Two weeks later, Sasha came back to the pantry with her aunt, who was lugging another baby. She ran up to me, leaped into my arms, kissed me, and said, “Let’s go find Lynn. I want a special blessing.” We anointed her again, and again Sasha received the oil deliberately, with great attention, listening to every word of our prayers. Then she corrected Lynn.

“It’s not AH-men,” Sasha said, “it’s A-men.”
I asked her what amen meant.
“It means thank you,” Sasha said.
(Take this Bread, Sara Miles, p.236-238)

***

Like Sasha standing at the font, and like the woman sitting at the well, we are thirsty people. We are people living in a self-sufficient world who drag our water jugs to all sorts of wells, day in and day out, wells that may quench our thirst for a time, but wells that eventually dry up.

Jesus meets us in these thirsty places. He meet us when material success loses its luster, when relationships fall flat, when schedules are over-full, when we no longer find fulfillment in pursuits that once seemed life-giving. Jesus meets us at the edge of the well, in the heat of the noonday, waiting and wanting to give us his life.

Jesus promises us that all who drink of the living water he offers will never be thirsty. He promises that the water he gives will become in us a a spring of water gushing up to eternal life. But make no mistake here - this living water will not keep us safe. As Lawrence said, “That’s not what it’s for.” This living water will quench us, but it will also transform us and push us forward.

Living water is moving water. It rushes to the shore like the waves of the ocean, and tumbles over rocks like rapids in a river. It carries us with it like the undertow pulls us to the middle of the sea, and it bubbles up within us like an untamed spring in the wilderness.

Living water pushes us into hospital rooms and into the heart of human need. Living water pushes us to feed hungry people against all odds, and to offer blessings to those whom the world forgets.
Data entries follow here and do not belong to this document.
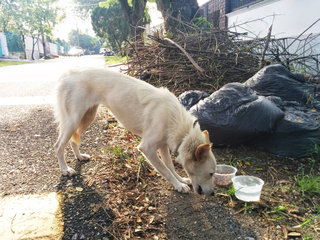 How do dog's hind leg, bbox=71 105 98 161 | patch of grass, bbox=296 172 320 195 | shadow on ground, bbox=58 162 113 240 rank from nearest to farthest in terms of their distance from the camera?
shadow on ground, bbox=58 162 113 240 → patch of grass, bbox=296 172 320 195 → dog's hind leg, bbox=71 105 98 161

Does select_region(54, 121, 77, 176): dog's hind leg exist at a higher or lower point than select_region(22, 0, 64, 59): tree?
lower

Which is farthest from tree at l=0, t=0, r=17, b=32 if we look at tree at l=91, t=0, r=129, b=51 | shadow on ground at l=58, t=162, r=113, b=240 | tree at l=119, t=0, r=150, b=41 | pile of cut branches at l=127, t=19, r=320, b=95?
shadow on ground at l=58, t=162, r=113, b=240

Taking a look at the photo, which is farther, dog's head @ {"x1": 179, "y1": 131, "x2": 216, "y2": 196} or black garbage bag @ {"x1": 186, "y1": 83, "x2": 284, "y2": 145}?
black garbage bag @ {"x1": 186, "y1": 83, "x2": 284, "y2": 145}

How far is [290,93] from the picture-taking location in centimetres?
392

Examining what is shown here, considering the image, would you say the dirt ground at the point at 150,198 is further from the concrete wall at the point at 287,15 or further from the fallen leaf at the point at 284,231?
the concrete wall at the point at 287,15

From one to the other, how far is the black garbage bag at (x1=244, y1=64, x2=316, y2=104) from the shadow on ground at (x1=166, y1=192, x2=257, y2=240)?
2373 millimetres

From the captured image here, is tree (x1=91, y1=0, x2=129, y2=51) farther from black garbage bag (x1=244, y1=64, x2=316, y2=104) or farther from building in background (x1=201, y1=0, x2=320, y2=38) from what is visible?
black garbage bag (x1=244, y1=64, x2=316, y2=104)

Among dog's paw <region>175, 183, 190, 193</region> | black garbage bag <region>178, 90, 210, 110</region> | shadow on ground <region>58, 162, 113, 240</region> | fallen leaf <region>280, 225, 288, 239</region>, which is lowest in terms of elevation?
fallen leaf <region>280, 225, 288, 239</region>

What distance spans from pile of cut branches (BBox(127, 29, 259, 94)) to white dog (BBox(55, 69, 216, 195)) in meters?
2.05

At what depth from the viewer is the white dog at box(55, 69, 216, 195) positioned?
247cm

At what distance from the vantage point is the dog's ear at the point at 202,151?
2198 millimetres

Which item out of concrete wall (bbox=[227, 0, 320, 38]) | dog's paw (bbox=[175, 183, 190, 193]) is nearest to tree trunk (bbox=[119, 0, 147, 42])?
concrete wall (bbox=[227, 0, 320, 38])

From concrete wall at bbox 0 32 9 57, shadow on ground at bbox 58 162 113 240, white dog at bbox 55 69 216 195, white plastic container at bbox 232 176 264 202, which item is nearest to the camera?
shadow on ground at bbox 58 162 113 240

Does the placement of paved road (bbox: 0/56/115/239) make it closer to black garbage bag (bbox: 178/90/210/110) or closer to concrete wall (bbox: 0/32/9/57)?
black garbage bag (bbox: 178/90/210/110) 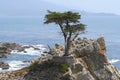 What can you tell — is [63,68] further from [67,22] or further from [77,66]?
[67,22]

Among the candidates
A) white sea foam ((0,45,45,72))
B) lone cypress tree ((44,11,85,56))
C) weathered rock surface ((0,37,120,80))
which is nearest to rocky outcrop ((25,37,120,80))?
weathered rock surface ((0,37,120,80))

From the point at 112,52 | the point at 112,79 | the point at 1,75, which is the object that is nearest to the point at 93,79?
the point at 112,79

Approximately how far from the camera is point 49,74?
190ft

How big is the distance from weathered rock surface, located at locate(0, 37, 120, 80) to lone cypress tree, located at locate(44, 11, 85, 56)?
1.89 m

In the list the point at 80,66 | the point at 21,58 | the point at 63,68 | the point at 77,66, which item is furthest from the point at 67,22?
the point at 21,58

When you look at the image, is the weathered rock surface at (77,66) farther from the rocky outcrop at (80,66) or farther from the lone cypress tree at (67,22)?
the lone cypress tree at (67,22)

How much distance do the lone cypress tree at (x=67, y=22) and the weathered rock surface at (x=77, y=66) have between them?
1890 mm

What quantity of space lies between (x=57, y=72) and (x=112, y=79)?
857 centimetres

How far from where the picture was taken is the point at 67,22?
60.4 m

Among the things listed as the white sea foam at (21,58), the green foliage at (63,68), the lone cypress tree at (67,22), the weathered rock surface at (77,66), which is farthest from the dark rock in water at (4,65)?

Living water pushes us into the center of crowds where we can shout to all who have ears to hear, “I have seen the Messiah!”

Living water pushes us to leave our old jars behind - our old burdens, our old wells, our old thirsts, our old weights. For our story is no longer one of thirst. It is now a story of God’s love, transforming us form within through the waters of baptism. It is a story of the river of life, rushing through us to create our new identities as children of God.

So today, as you feel moved to do so, I invite you to stop by the font for a moment. Set down your heavy old jars at its edge, and then dip your fingers into the water. Feel the presence of God swirling in that water, filling your soul to overflowing. Know that this living water is for you, no matter who you are or what you’ve done or where you’ve been. Know that this font is the last well you will ever need, for here, you have seen the Messiah, the one who promises to push you forward into the world, transformed, fulfilled, and truly alive.